I am looking for boxes that don't come glued together, so I can punch cut out a view hole of my own, and stamp the side of the box, that also comes in custom sizes...any of you know anything about this...I do not want to make a templete again and make my own unless I have to. My Please Don't Smoke the Soap needs a new box home with a leaf cut out of it. I may end up having to use the material bags PJ uses. Vicki


----------



## Jenny M (Nov 21, 2009)

Vicki,
I have looked for those boxes too but no luck so far. I had a customer that wanted the muslin bags & used these from Paper Mart. They look pretty good & the drawstring is a cord which I liked more than the string on others. I wonder where PJ gets her bags? She has them screen printed, too, I think. My customer wanted a very simple logo so I just had a $7 stamp made & used brown stamp pad ink.

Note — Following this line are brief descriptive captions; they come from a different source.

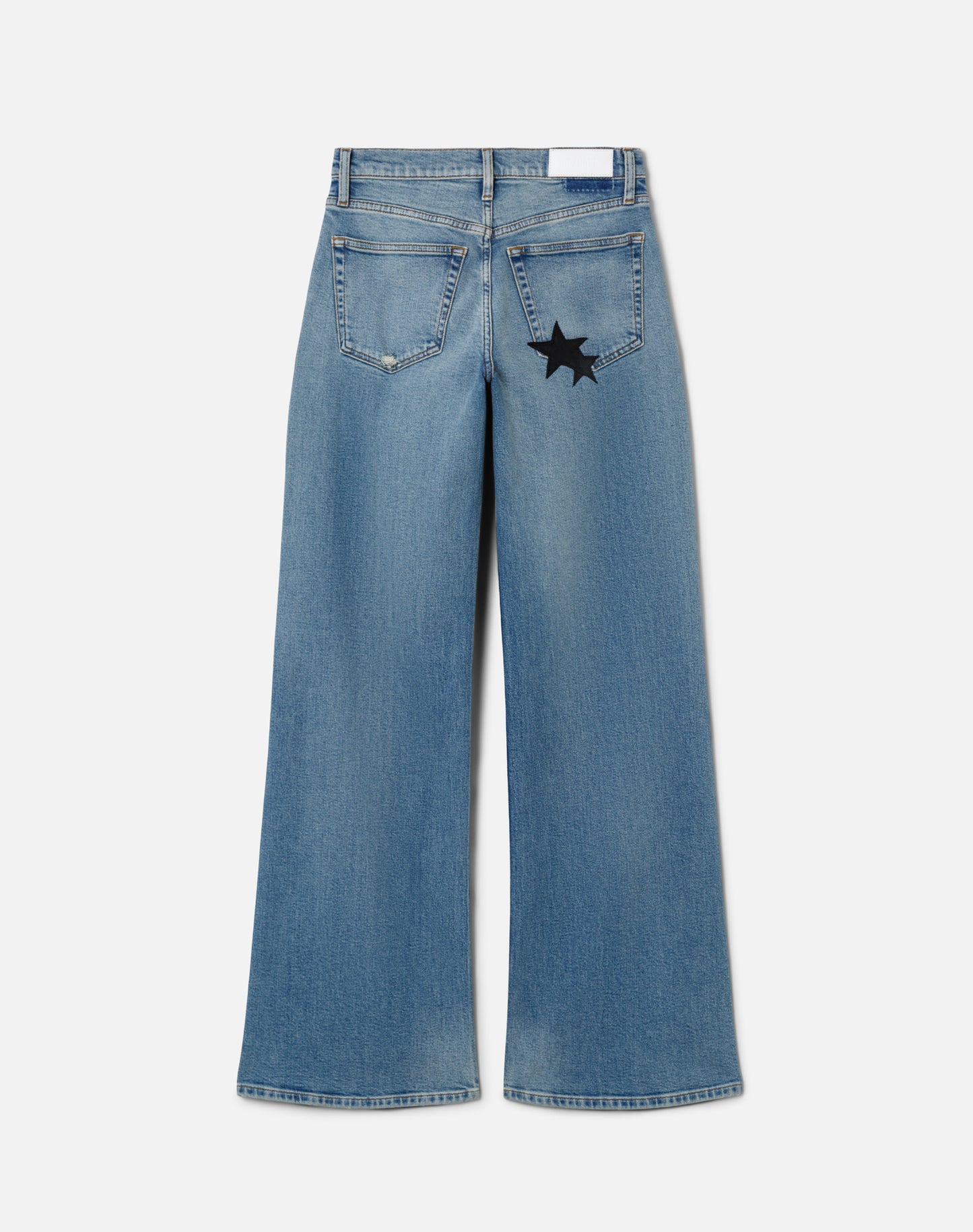 Mid Rise Wide Leg Jeans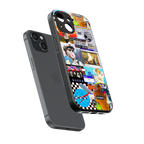 y2k collage aesthetic back phone cover | glass case for iphone 13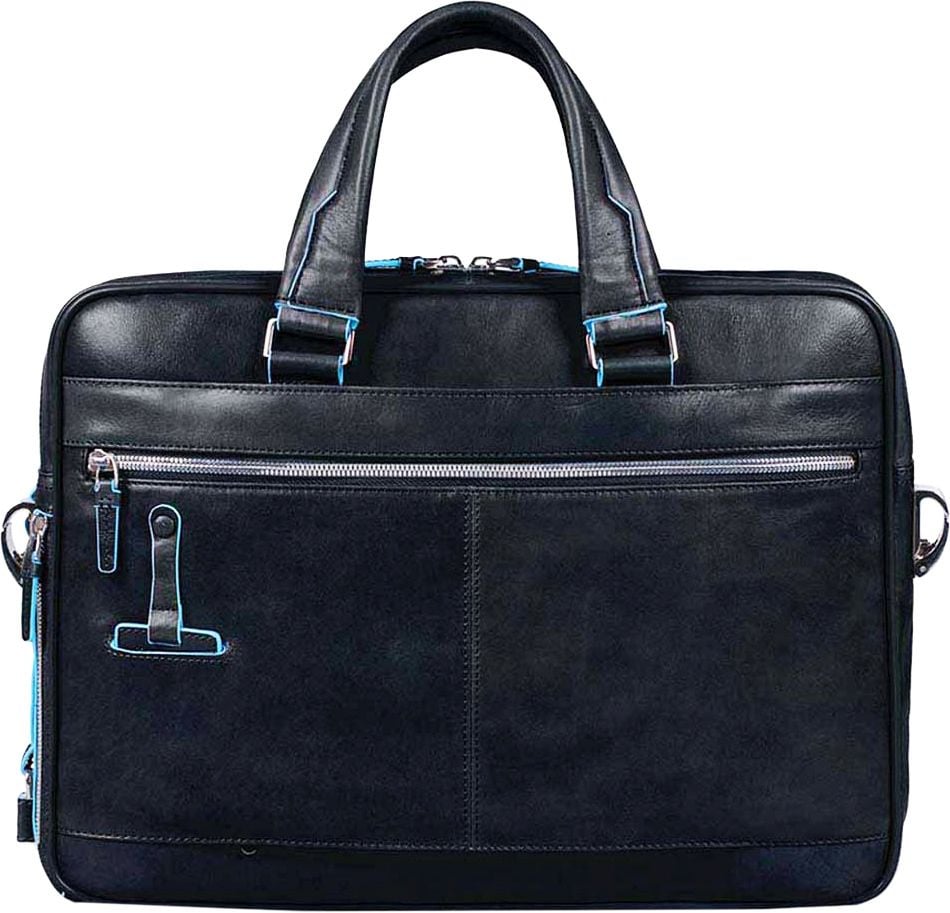 Деловая сумка Piquadro Blue Square CA2849B2/BLU2 с отделением для ноутбука 15" синяя натур.кожа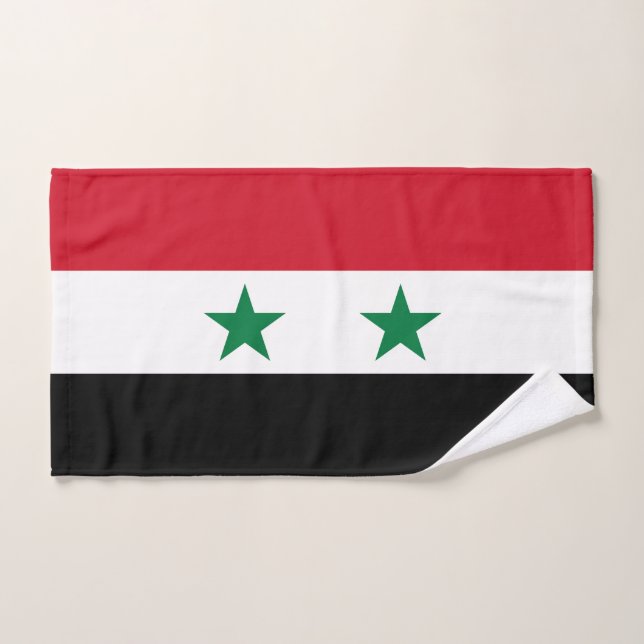 Conjunto De Toalhas Bandeira antiga da Síria (Toalha de mão)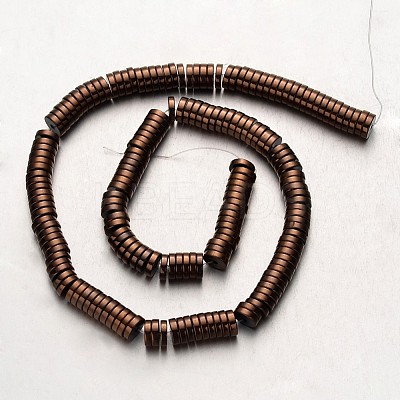 Electroplate Non-magnetic Synthetic Hematite Beads Strands X-G-F300-17C-08-1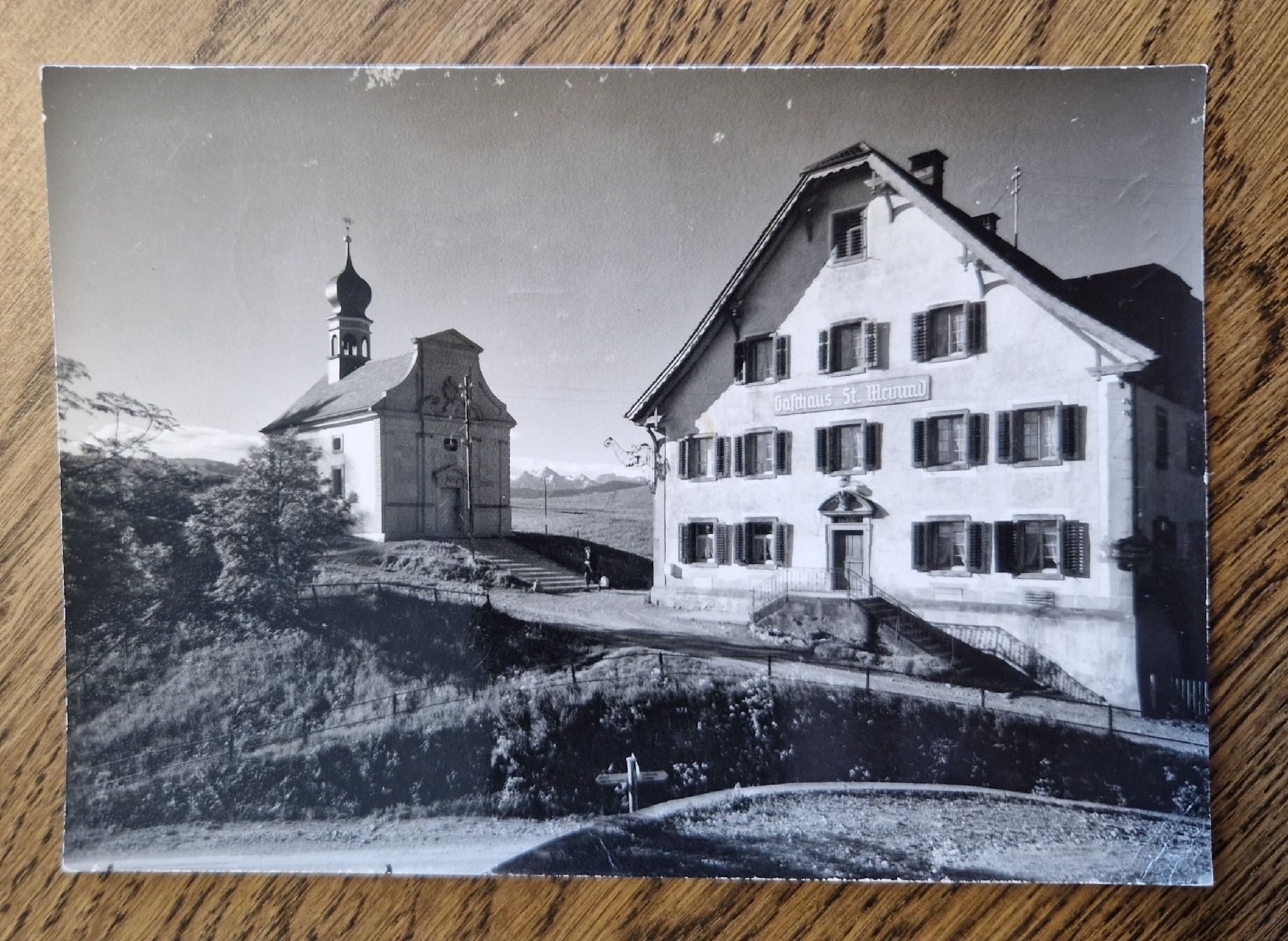 Cartoline postali: Gasthaus St. Meinrad, Etzel 1966 – Usato da Ebikon venduto da Donar50
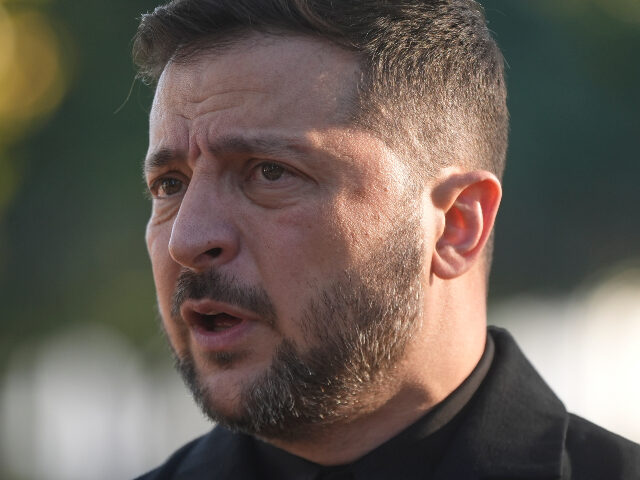 Volodomyr Zelensky Ukraine's President Volodymyr Zelenskyy speaks to reporters in Lafayette Park across
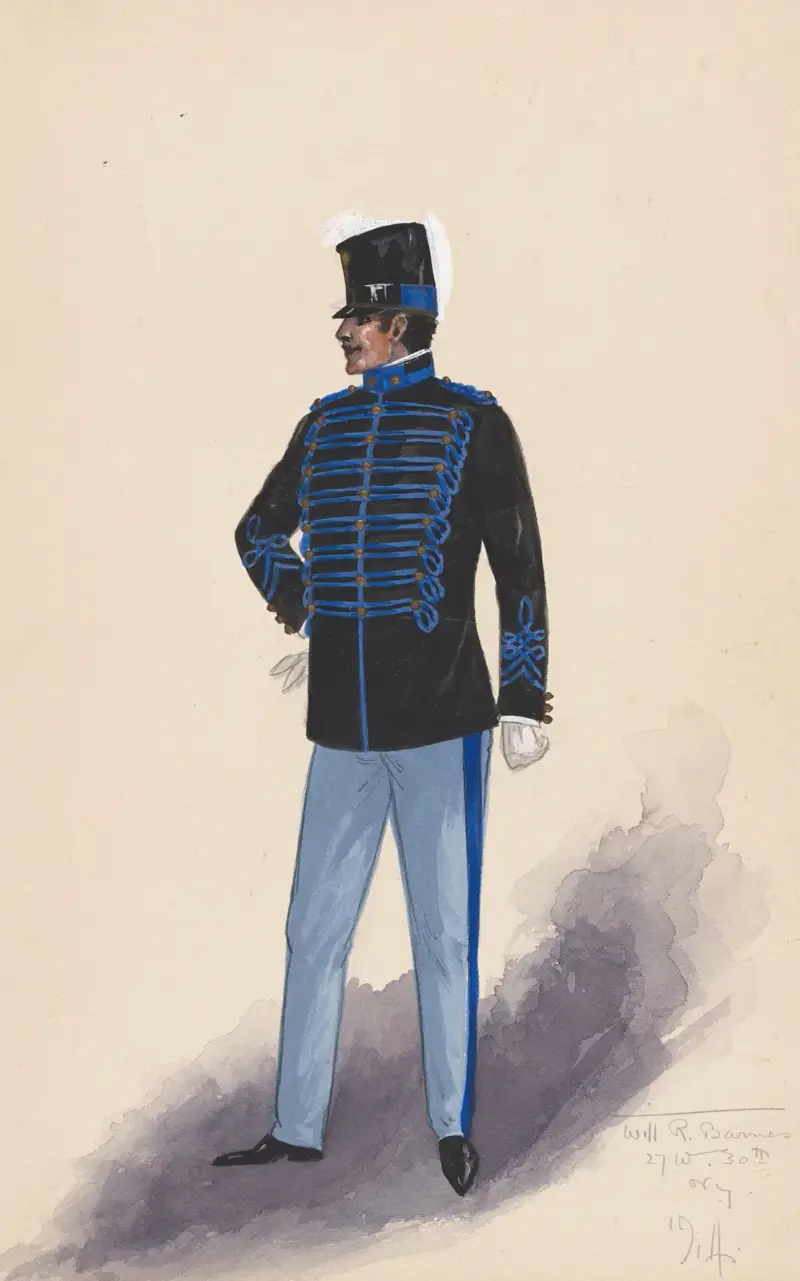 Officersdräkt av Will R. Barnes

http://www.papermart.com/Product Pa...1790&SubGroupID=1791&ParentGroupID=18970#1791

Jenny


----------



## adillenal (Feb 6, 2009)

WHen I worked on an elementary campus we had the large die cut machine and we had a bunch of different box dies. Think I will stop by the old campus in a few weeks and check out the box templates. They may have the exact size I need.


----------



## NubianSoaps.com (Oct 26, 2007)

LaNell, let me know please, perhaps you could charge me for mine and get yours for free 

I think I am going to use the bags though and thank you...Love papermart Jenny, the open weave printed muslin bags, we bought the lavender ones several years ago, they are beautiful!!! We used them for a lavender trio we did for a convention we do in the fall, it was a huge hit....they are super fragile though, I wouldn't want to carry them permanently, definetly just for special....the dragon fly is the prettiest and if you did a dragon fly stamp soap it would be beautiful, and you can see the soap colors through them. Vicki


----------



## a4patch (Oct 7, 2009)

Some quilt shops and scrapbooking shops have the die cut machines for their customers. The dies can be purchased at Ellison and Accucut.


----------



## VickiLynne (Feb 8, 2008)

I have a ellison (big shot) die cutting machine and also one of the box dies. I just need to fine the heavier kraft paper to use. I think just regular paper or card stock would be to light. I also have dies to make different size/shape cut outs while the box is flat before putting together. 

Does anyone know where to get the heavy kraft box paper?

Vicki in NC


----------